PROVIDED ENTRIES: Begin
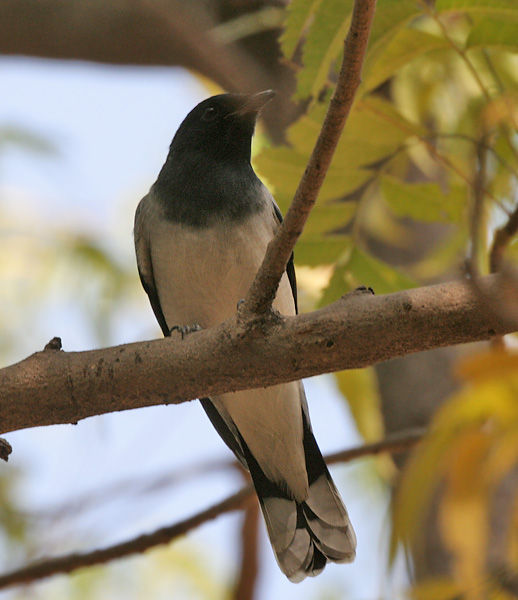 Sivun <i>Coracina melanoptera</i> kuva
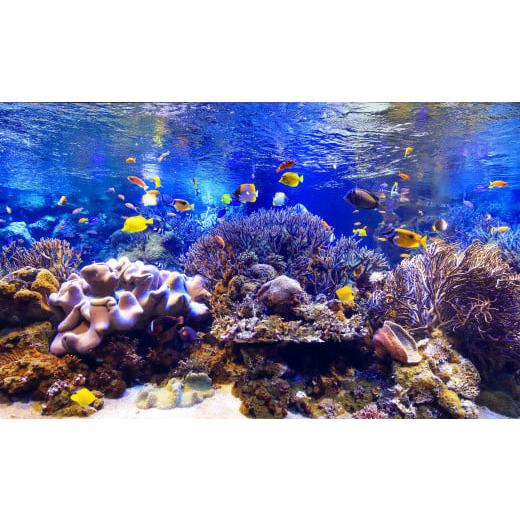 鳥羽市ふるさと納税　食事・宿泊・お土産・鳥羽水族館　（合計２４,０００円分が２２,０００円） ふるさと納税 入場券・優待券 三重県 鳥羽市 30-53鳥羽水族館 年間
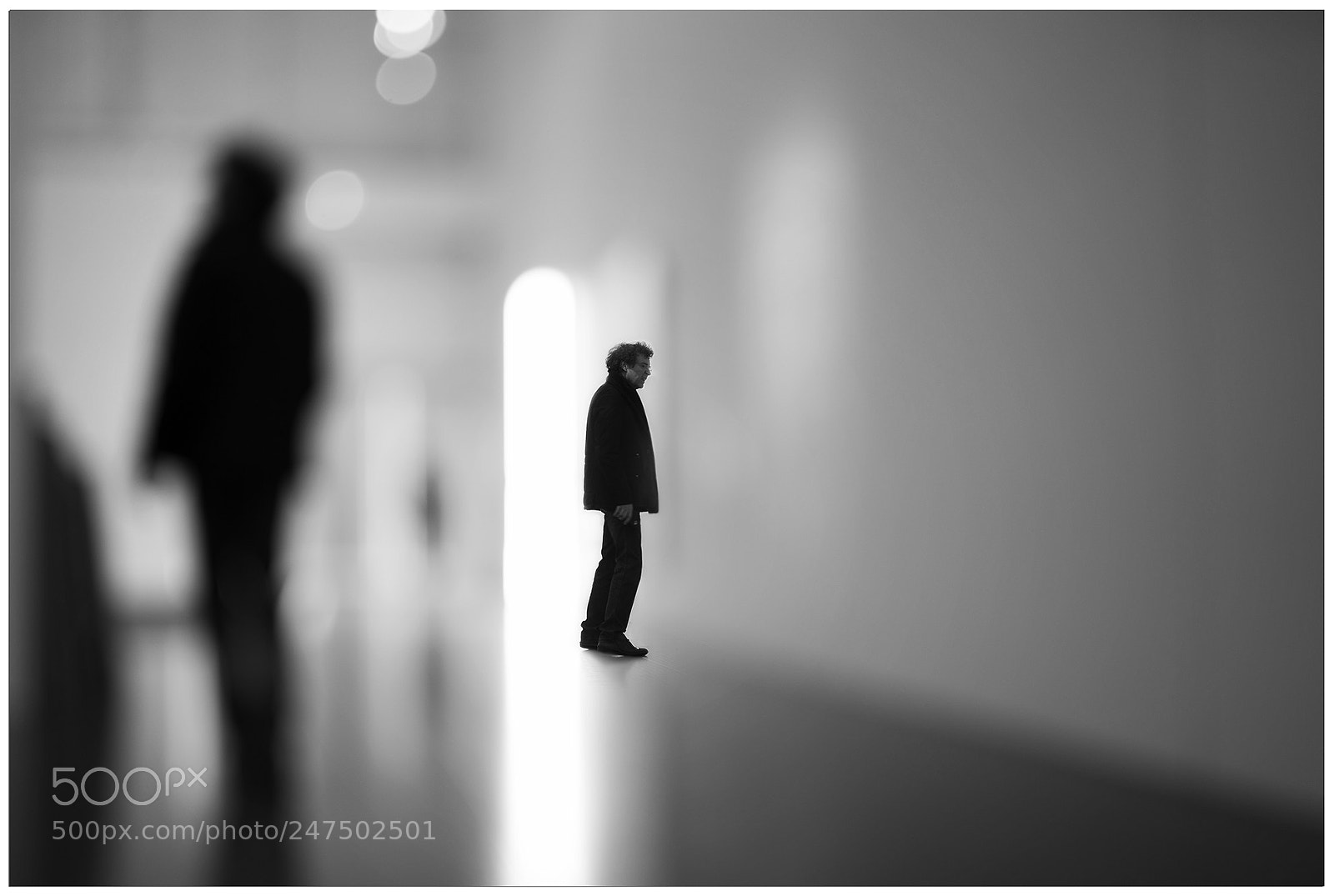 Sony a7R II sample photo. Double you photography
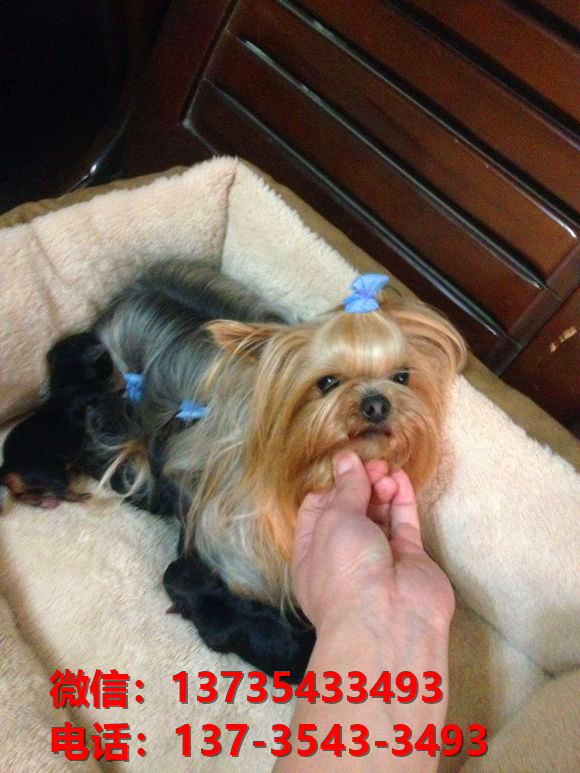 上海宠物狗犬舍出售纯种约克夏犬活体宠物狗正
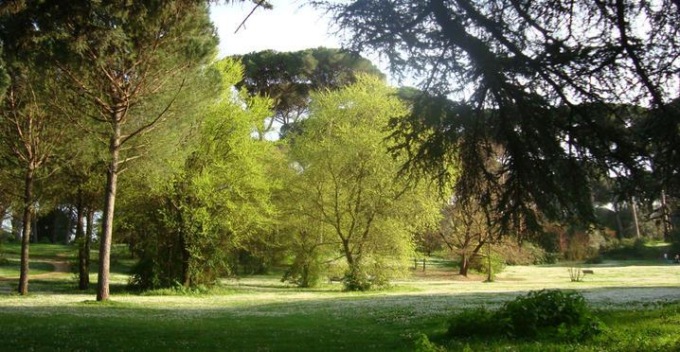 OMA: ALLARME OZONO A VILLA ADA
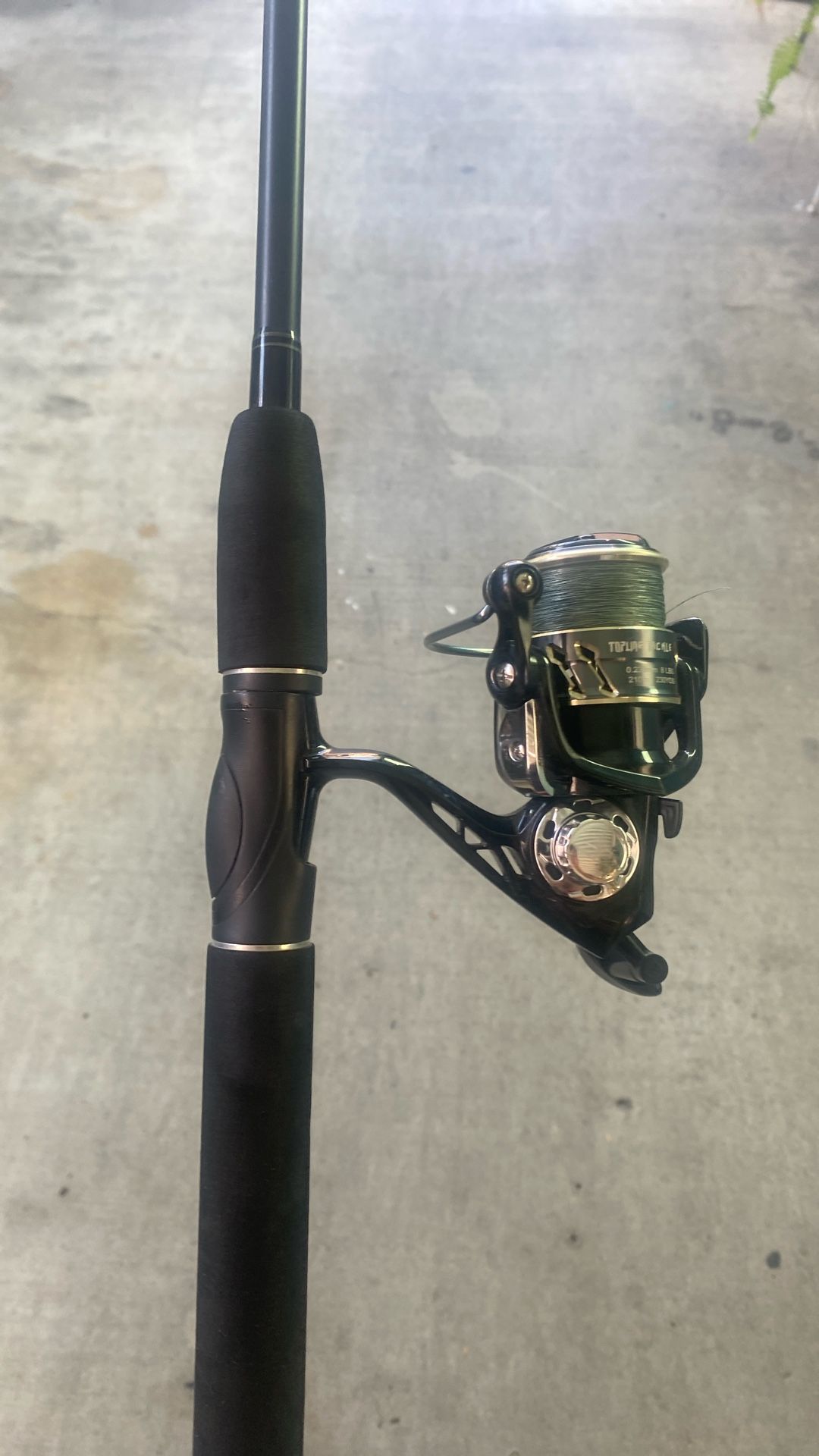 Roddy Limited Edition Rod And Top line Tackle Fishing Reel
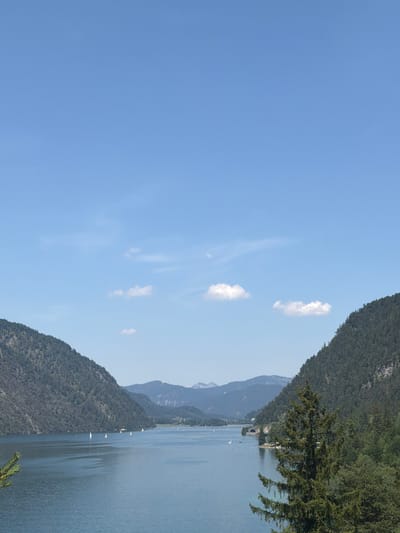 This media file depicts a serene landscape scene. The primary subjects are a vast, calm body of water, likely a lake, and lush, tree-covered mountains that slope down towards the water's edge. Several sailboats with white sails are visible on the water, suggesting a leisurely activity or regatta. In the foreground, the branches of a coniferous tree overhang the scene, adding depth and a natural frame.
The setting appears to be a picturesque natural environment, possibly a resort area given the presence of sailboats and the well-maintained appearance of the mountainside. The time of day is suggested by the bright, clear blue sky with scattered, wispy clouds, indicating fair weather and likely daytime, perhaps late morning or early afternoon. The overall mood is peaceful and tranquil, inviting a sense of relaxation and appreciation for nature.
Notable details include the textured appearance of the mountains, hinting at rocky terrain beneath the dense vegetation. The water's surface shows gentle ripples, reflecting the soft light. There is no visible text within the image. The scene is reminiscent of a European alpine lake, consistent with the provided location context of Pertisau, Austria.
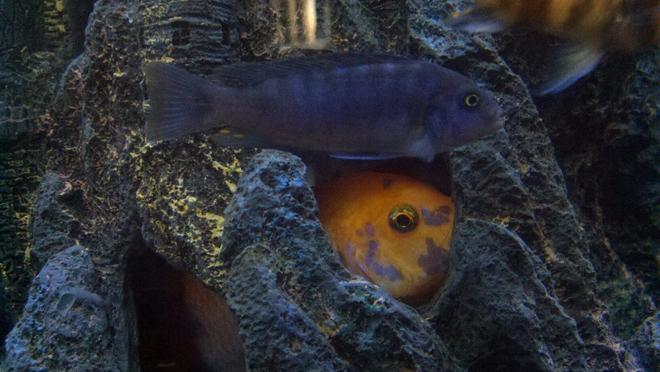 freshwater fish - aulonocara nyassae - blue peacock cichlid stocking in 100 gallons tank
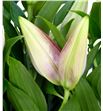 Lilium oriental hol ov blanco 80 - LOHOVBLA1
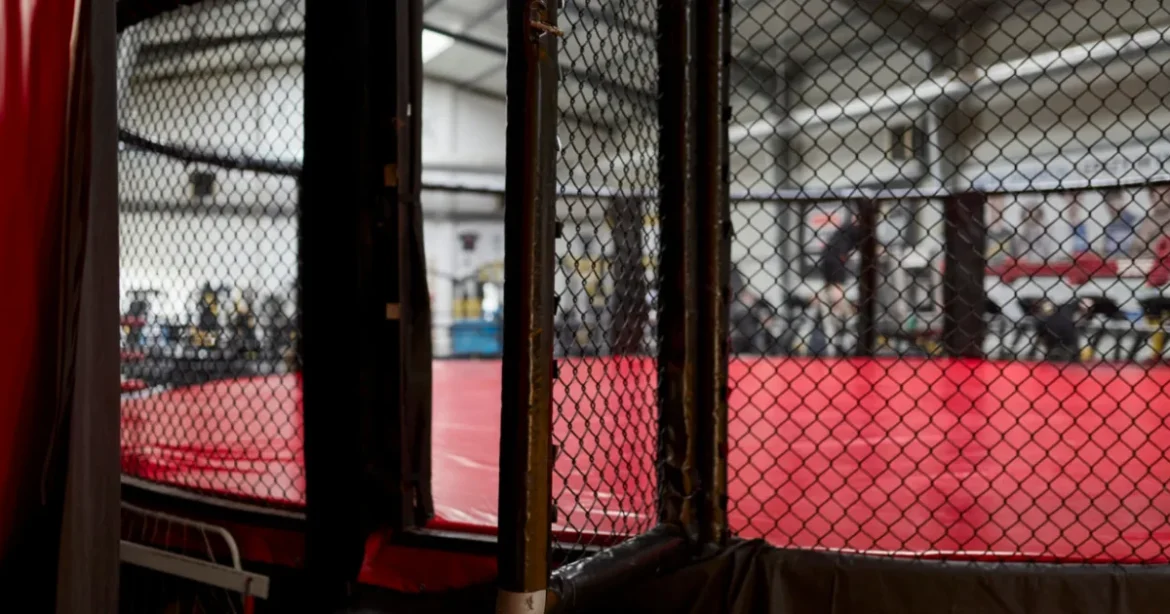 Magyar ketrecharcos UFC-szerződés előtt: Növényi Norbert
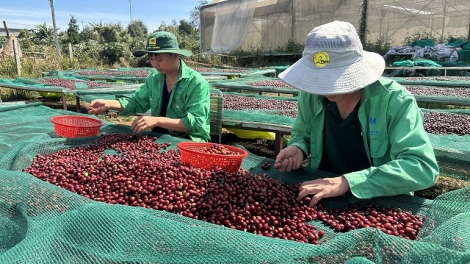 Dak Lak mơdêk séa ngăn tơniăn krúa kế kâ tơmeăm pêi lo ing chiâk deăng tê ngi EU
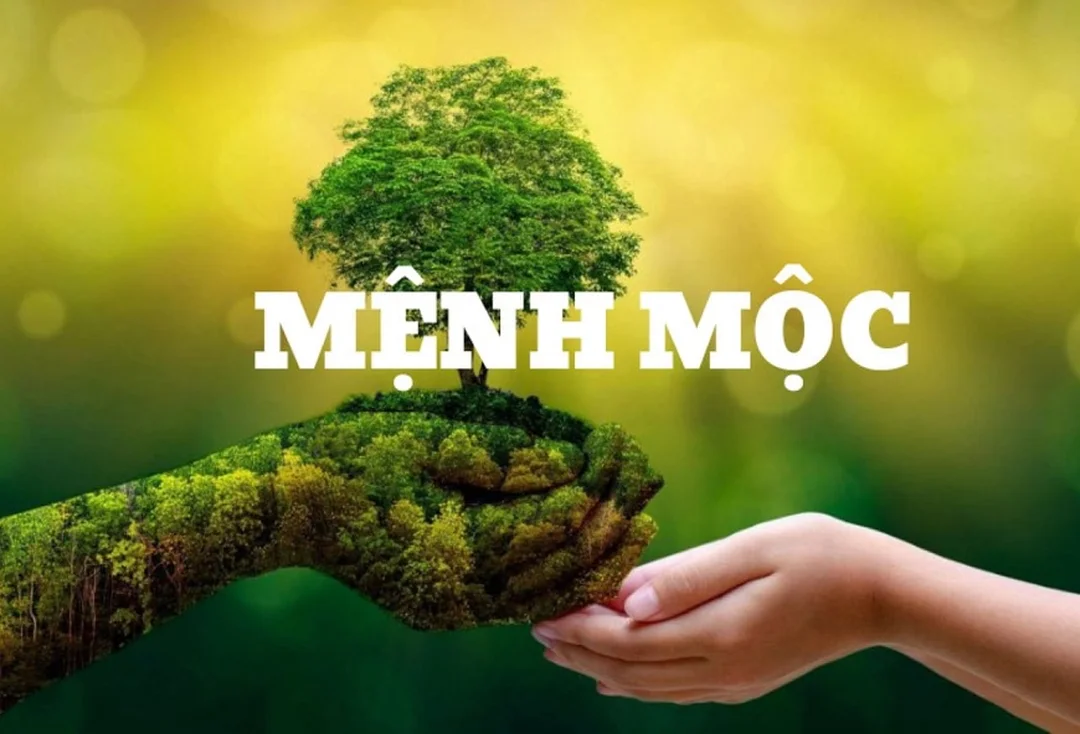 mệnh mộc hợp hướng nào câu hỏi thường gặp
PROVIDED ENTRIES: End
The last line of the entries marks the end, and the line with "Dak Lak mơdêk" marks the start. Output exactly those two lines and every line between them, nothing else, with the pictures left out.

** SOLVED PROBLEM **
 Dak Lak mơdêk séa ngăn tơniăn krúa kế kâ tơmeăm pêi lo ing chiâk deăng tê ngi EU
 mệnh mộc hợp hướng nào câu hỏi thường gặp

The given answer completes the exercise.